2014 Tribal Policy Statement Federal Register Notice
Federal Register Notice and Public Comment Period
On December 1, 2014, the NRC published the proposed NRC Tribal Policy Statement in the Federal Register for public comment. The proposed Tribal Policy Statement establishes principles to be followed by the NRC to help ensure effective government-to-government interactions with American Indian and Alaska Native Tribes, and to encourage and facilitate Tribal involvement in the areas over which the Commission has jurisdiction. The proposed NRC Tribal Policy Statement is centered on the following principles:
The NRC Recognizes the Federal Trust Relationship and Will Uphold its Trust Relationship with Indian Tribes.
The NRC Recognizes and Is Committed to a Government-to-Government Relationship with Indian Tribes.
The NRC Will Conduct Outreach to Indian Tribes.

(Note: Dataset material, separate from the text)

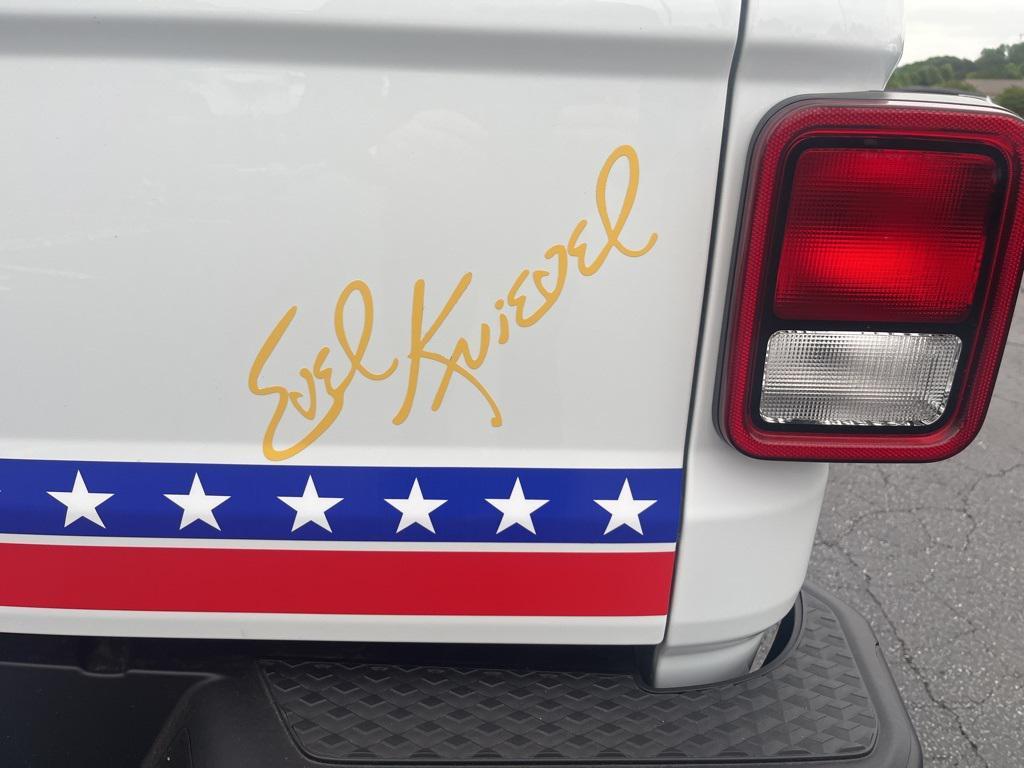 new 2025 Jeep Gladiator car, priced at $46,265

The NRC Will Engage in Timely Consultation.
The NRC Will Coordinate with Other Federal Agencies.
The NRC Will Encourage Participation by State-Recognized Tribes.
Tribal governments and organizations, the public, and other interested parties were encouraged to submit comments during a 180-day comment period that ended May 31, 2015.
2012 Federal Register Notice and Public Comment Period
In October 2012, the NRC solicited suggestions for the Tribal Policy Statement along with comments on the NRC Tribal Protocol Manual. The Federal Register notice sought public feedback on the following questions:
- How can the NRC strengthen government-to-government relationships with Native American Tribes?
- What practices have the NRC or other Federal agencies employed that have been effective in identifying Tribal interests and resolving tribal concerns about proposed agency actions?
- Are there specific Tribal Policy Statements in other Federal agencies that could serve as a starting point for the NRC efforts?
- What unique Tribal issues should the NRC be aware of as a non-land holding, regulatory agency that issues licenses under the Atomic Energy Act?
Respondents were not limited to these questions and were encouraged to submit any information that would benefit the NRC in developing a Tribal Policy Statement. Tribal governments and organizations, the public, and other interested parties were encouraged to submit comments during a 180-day comment period that ended April 1, 2013.